Por otro lado el humor no nos consuela de lo que no pudimos ser, pero sí que nos consuela de lo que somos. Esto es un rasgo de aceptación. El humor a todas luces es un rasgo que fomenta la sociabilidad. Solo hay que preguntarse con quién se preferiría pasar uno unas vacaciones: con alguien que en seguida se encabrona, o más bien con alguien que te hace sonreír. Además por si fuera poco el humor tiene otras ventajas como las que apuntaba Nietzsche: “La potencia intelectual de un hombre se mide por la dosis de humor que es capaz de utilizar.” Pero hay que advertir que los dardos del humor han de ir dirigidos primeramente a uno y de la mano de la empatía, ya que el humor negro no es siempre bien recibido en los funerales. Es decir, todo el mundo ha conocido al típico cabrón que se ríe de todos los defectos ajenos menos de los suyos. El sentido del humor verdadero es a la inversa. Al fin y al cabo la vida es como un mal chiste, la diferencia estriba entre los que se ríen y los que no…

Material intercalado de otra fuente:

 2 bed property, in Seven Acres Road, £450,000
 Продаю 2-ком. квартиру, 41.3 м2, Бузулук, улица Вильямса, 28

A continuación me propongo contar una anécdota graciosa de Truman Capote, que ha sido sin duda uno de los mejores escritores americanos del siglo XX. El mismo se definió en uno de sus libros: “Soy alcohólico. Soy drogadicto. Soy homosexual. Soy un genio.” Pues este genio se encontraba cierto día cenando en un restaurante de Nueva York. En la mesa de al lado había una pareja bastante borracha. La mujer enseguida lo reconoció y gracias al alcohol se atrevió a acercarse a su mesa:

-Perdone, ¿es Truman Capote?

-Sí, soy yo…- dijo Truman con una voz apilada.

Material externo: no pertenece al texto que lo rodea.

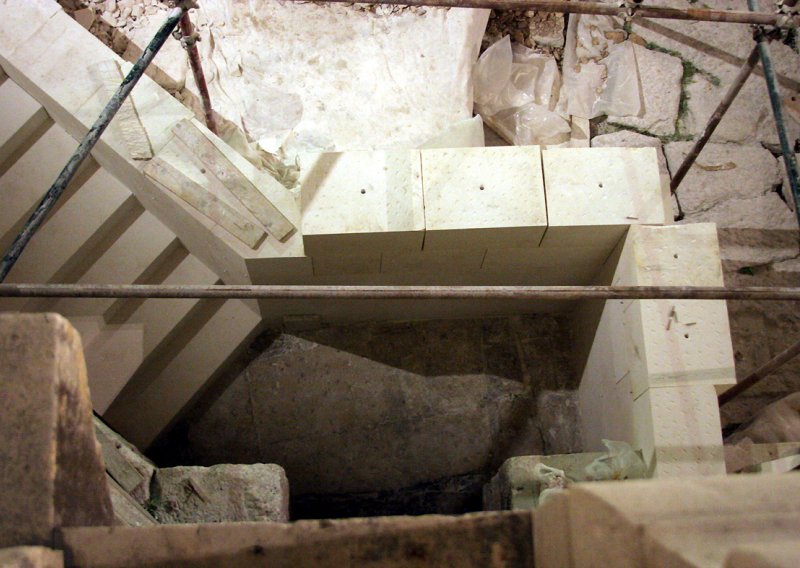 Gradnja falsifikata uz Dioklecijanov mauzolej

En ese momento la mujer se dio cuenta de que ni tenía un libro, ni una hoja de papel, ni una servilleta donde el afamado escritor pudiera estamparle una rúbrica.

-¿Le importaría firmarme… el ombligo?

Así que Truman accedió y le estampo T R U M A N, en un círculo alrededor del ombligo…

El marido se acerco a la mesa claramente en un estado de celos acorde a su estado de embriaguez. Así que se saco su pene delante de él y le dijo:

-Perdone, ¿le importaría firmarme esto señor Capote?

A lo que este le respondió:

-Creo que con el tamaño de su pene solo me cabrían las iniciales…

Escrito original para revista aZeta, publicado en el número 4.